You know, ladies and gentleman, I believe that at this time we sit with this question. Edgar Shine, who is a thinker, exploring organization culture, has described this phenomenon of unconscious basic assumptions. We have a whole plethora of unconscious basic assumptions which underwrite the way we conduct business, the way we lead now and we have to become conscious of those because, truthfully, I see no reason why we should allow any business to exist that does not seek first to honor the children’s fire, the communities in which it is based, and the profits and growth are the enablers that has allowed those first two things to be honored.
Until we set the children’s fire at the very center of all institutions of power, we will continue to see the destruction of our earth. But is this gloomy or sad? I don’t think so. It is just a call to the brave.
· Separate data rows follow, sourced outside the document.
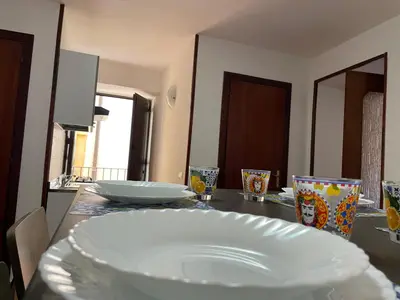 a table with a white plate on top of it at DM house in Palermo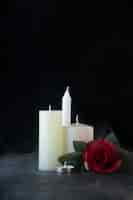 Gratis foto vooraanzicht van witte kaarsen met rode roos als herinnering op donkere muur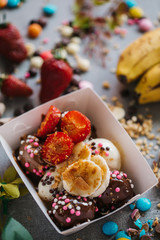 turkish loam. turkish bite dessert with chocolate and white chocolate sauce. strawberry and banana new generation bite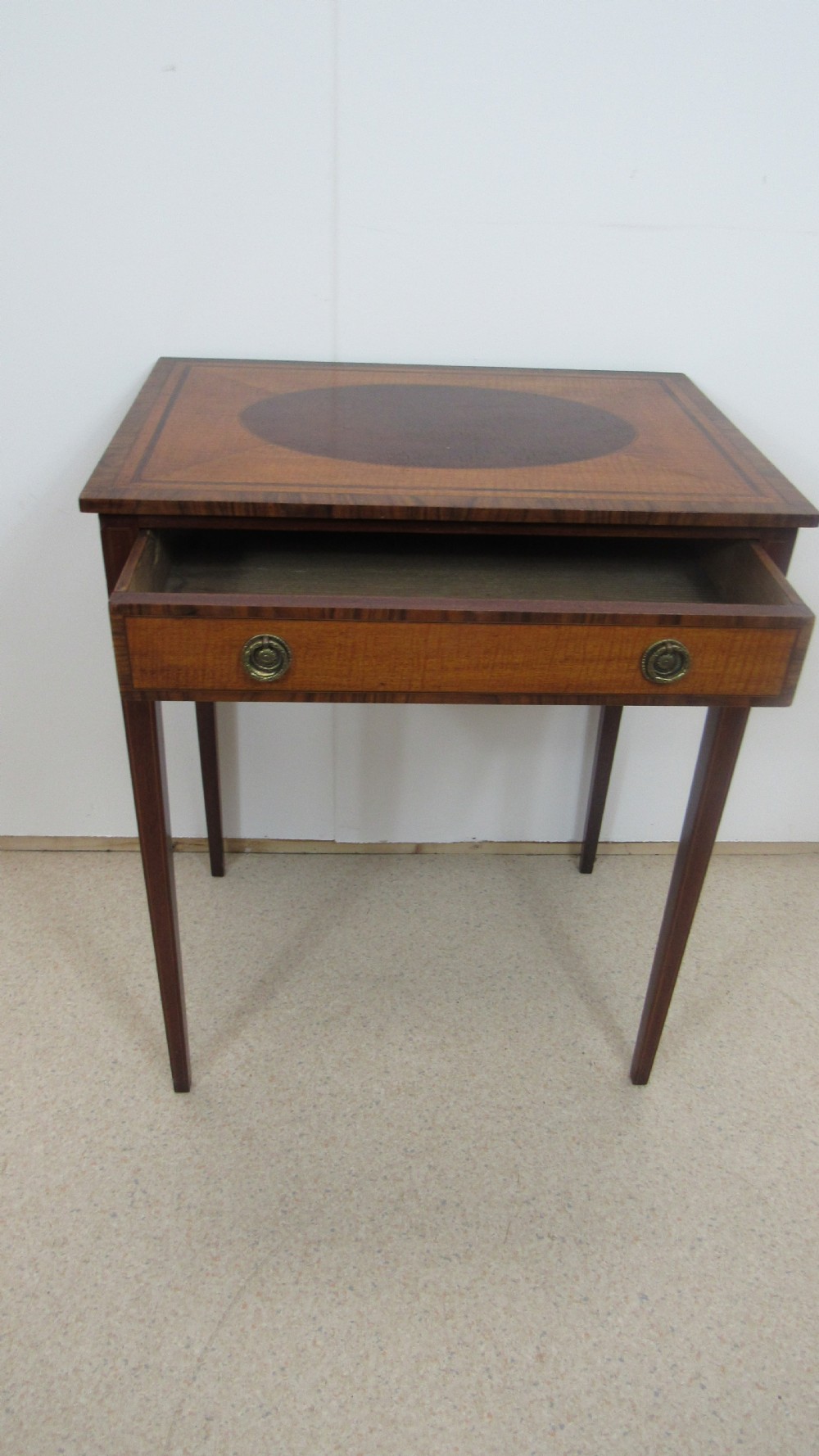 A 19th-century wooden side table featuring square tapered legs, a single drawer with brass handles, and a decorative oval inlaid top surface. View X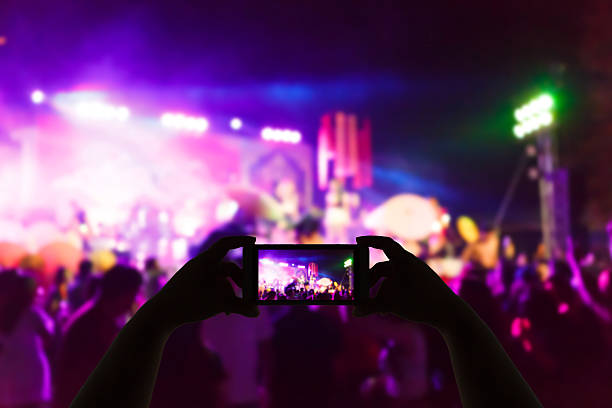 istock Take photo concert in front of stage 531868210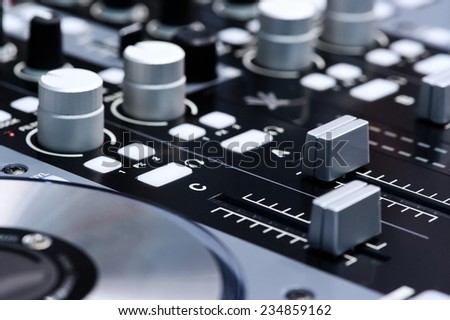 DJ mixer controller. Faders and switches of silver audio mixing console in nightclub. Selective focus.
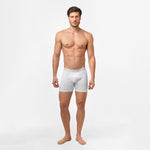 A male model wearing white James Bark boxer briefs. The briefs have a fitted design with 'JAMES BARK' branding on the waistband, which sits comfortably at the waist. The model is standing straight with a neutral expression.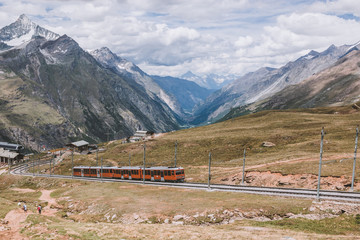 Obraz na płótnie Canvas Gornergrat train with tourist is going to Matterhorn mountain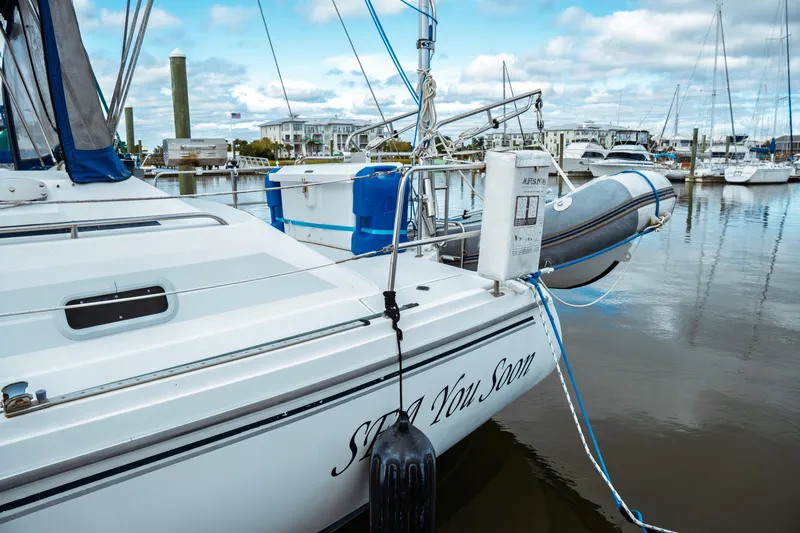 Slide: The Image of Catalina 38 CC 1994 sailboat docked in marina with inflatable dinghy. - 11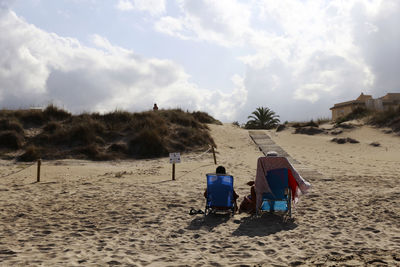 Hooded beach chairs on sand against sky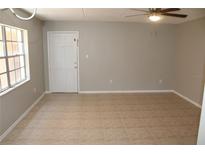 A bright living room features neutral walls, tile flooring, and a ceiling fan at 4725 Joseph Ct # 233, Tampa, FL 33614
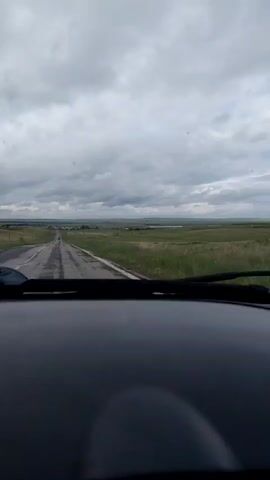 A view from inside a vehicle, looking out through the windshield at a straight, paved road that recedes into the distance. The road is flanked by green fields on either side. The sky is overcast with heavy, gray clouds. The dashboard of the vehicle is visible in the foreground, along with the windshield wipers. The overall impression is a journey through a somewhat somber, open landscape.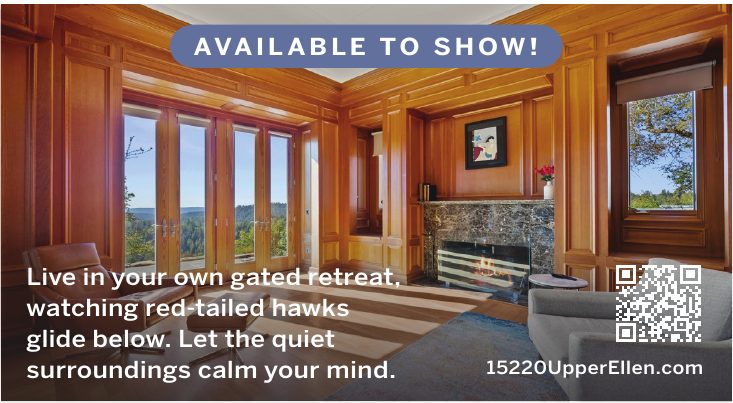 Wood-paneled living room with fireplace at 15220 Upper Ellen Road. Available to show.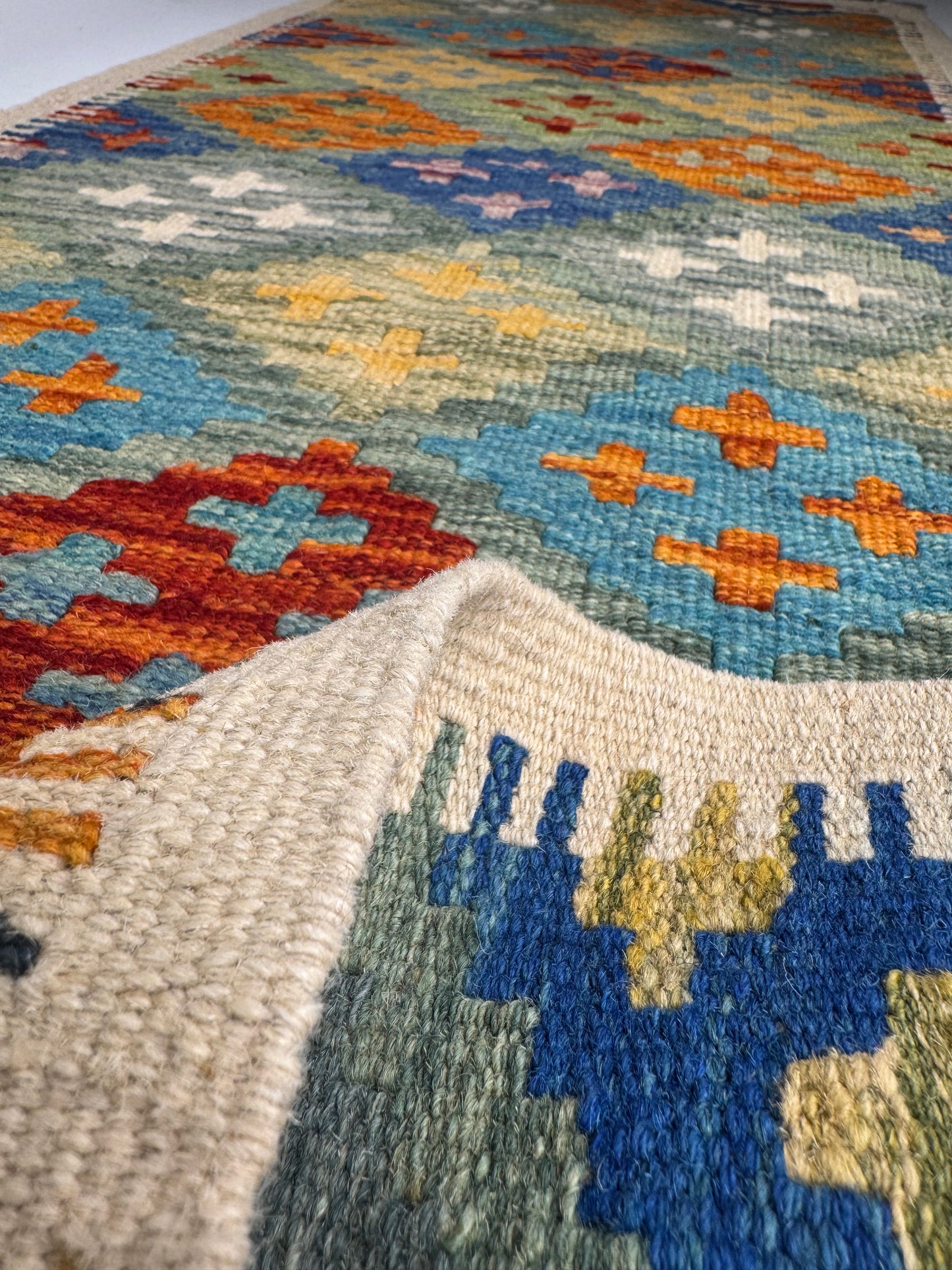 El Dokuma Uzun Kilim – Mavi Turuncu Sarı Geometrik Desenli Otantik Dekoratif Halı (0.53 x 1.40 m) | Nomad Glow Serisi NG-0016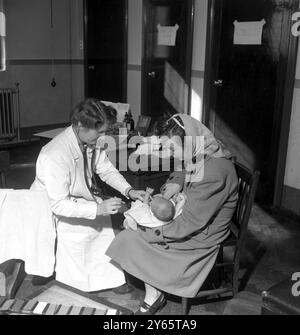 Mit der Einführung des Nationalen Gesundheitsdienstes im Juli 1948 kann diese junge Mutter nun kostenlos für ihr Baby gesundheitlich versorgt werden . Dies hat vielen jungen Familien in der Gegend von Bootle in der Nähe von Liverpool geholfen, deren Leben von Armut und Armut heimgesucht wird. September 1948 Stockfoto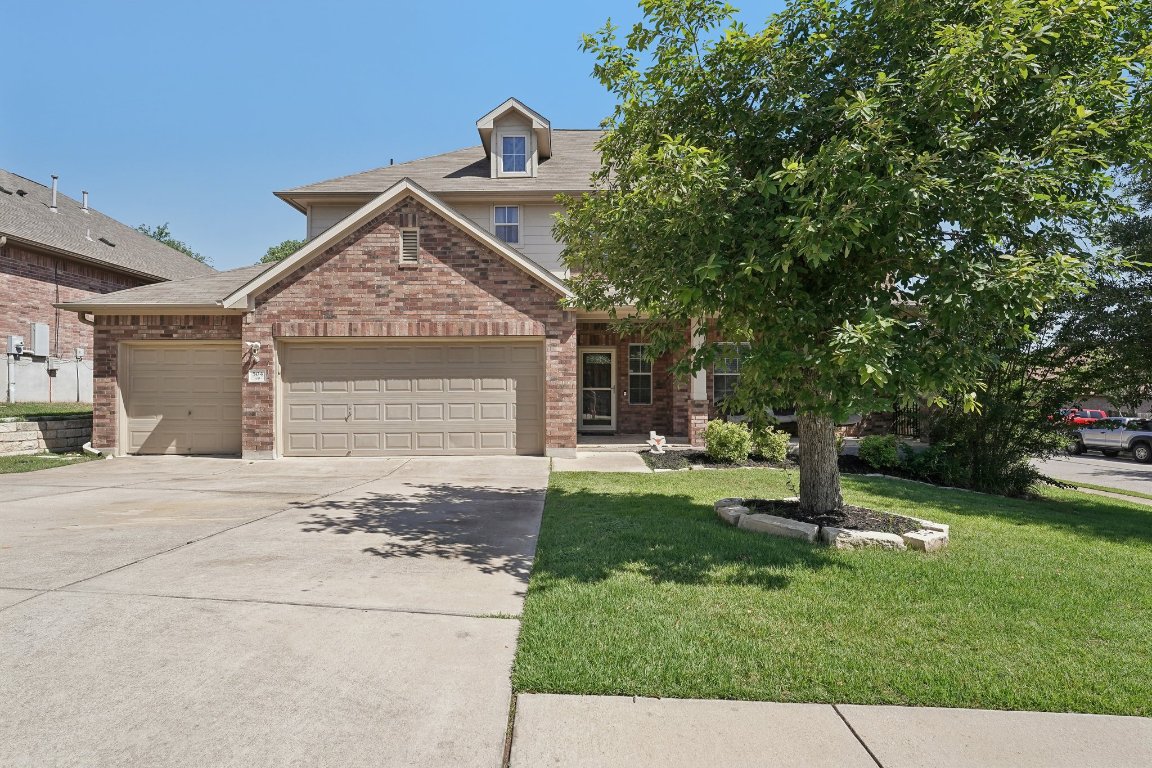504 Chaparral Drive Leander, TX 78641 - Photo 2 of 34 a front view of a house with a garden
It speaks to each single one of you and it speaks to me and it says, “Who are you? Are you brave? Have you the freedom of thought? Have you the determination to step forward and say, ‘I will be proud of my life, when the day comes that I stand in front of my grave and the hole is being dug and my feet are just right over the edge. When I get to that place and I look down the trail of my life, will I be proud?'”
The children’s fire is a gift from the indigenous elders of many, many countries saying to us people, teachers, businessmen, church leaders, whoever you are: “You wield power. Honor that which is sacred in nature.”